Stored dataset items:

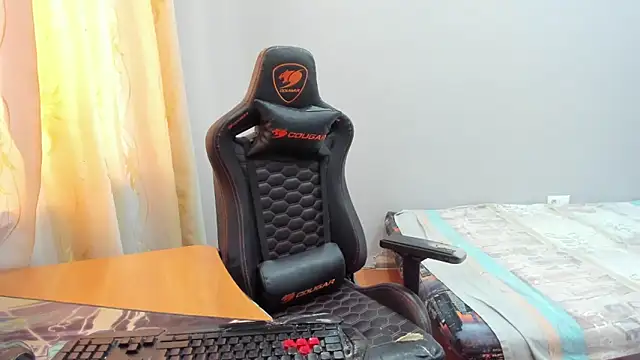 iliaskrislove online show from February 2026 05:18:01 AM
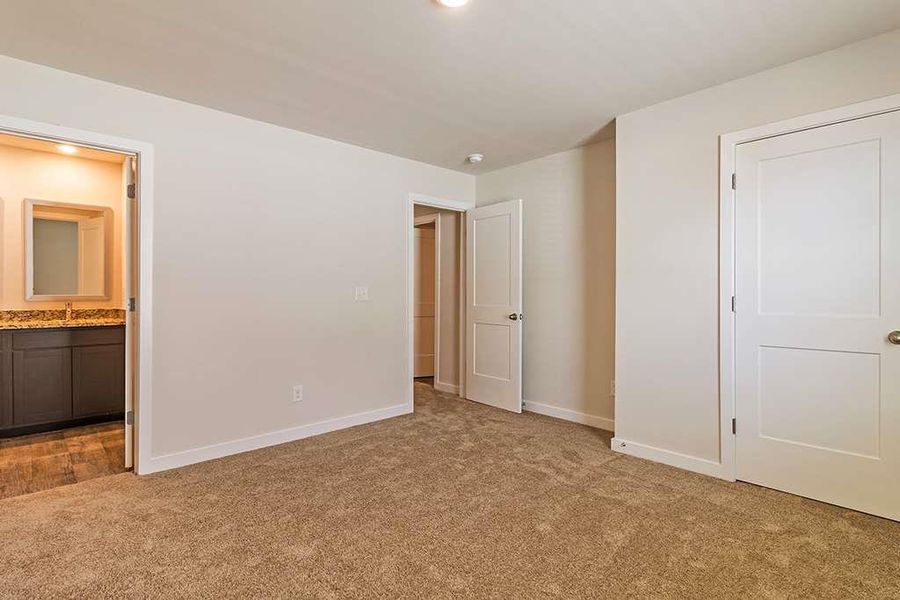 Spacious, unfurnished interior of a new home in Southern Hills, McDonough (Image 31).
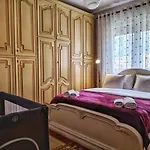 All Seasons Apartments - Free Parking & City Center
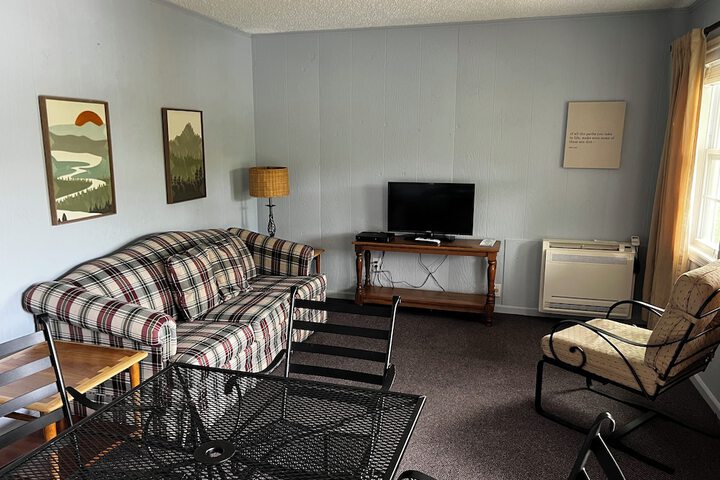 Room 12 of 25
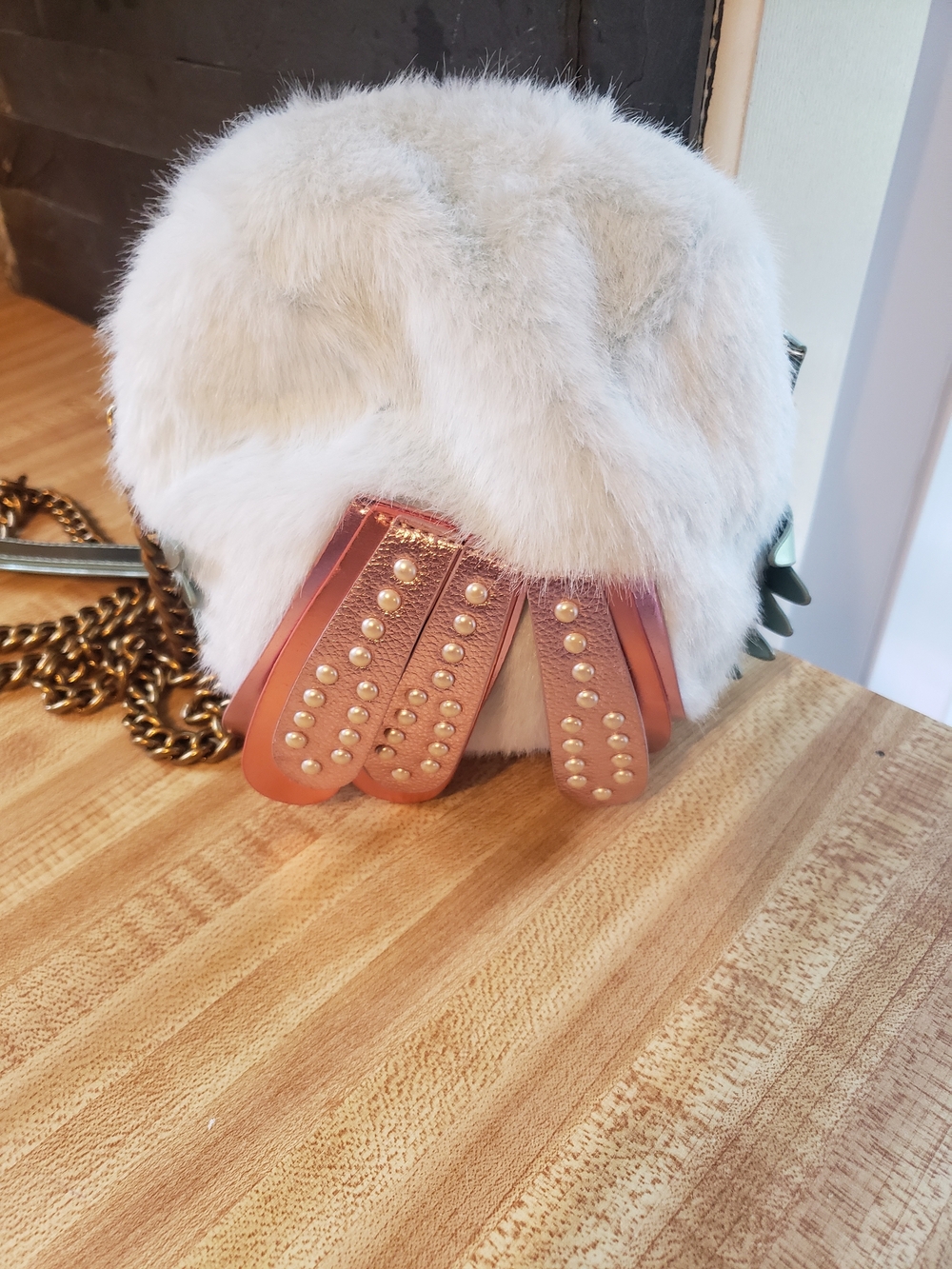 Kurt Geiger NWT Raven Faux Fur Crossbody & Dustbag COLLECTABLE - Picture 2 of 3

## TASK REQUIREMENTS
Give back every record exactly, dropping its pictures.

## ANSWER SECTION
 iliaskrislove online show from February 2026 05:18:01 AM
 Spacious, unfurnished interior of a new home in Southern Hills, McDonough (Image 31).
 All Seasons Apartments - Free Parking & City Center
 Room 12 of 25
 Kurt Geiger NWT Raven Faux Fur Crossbody & Dustbag COLLECTABLE - Picture 2 of 3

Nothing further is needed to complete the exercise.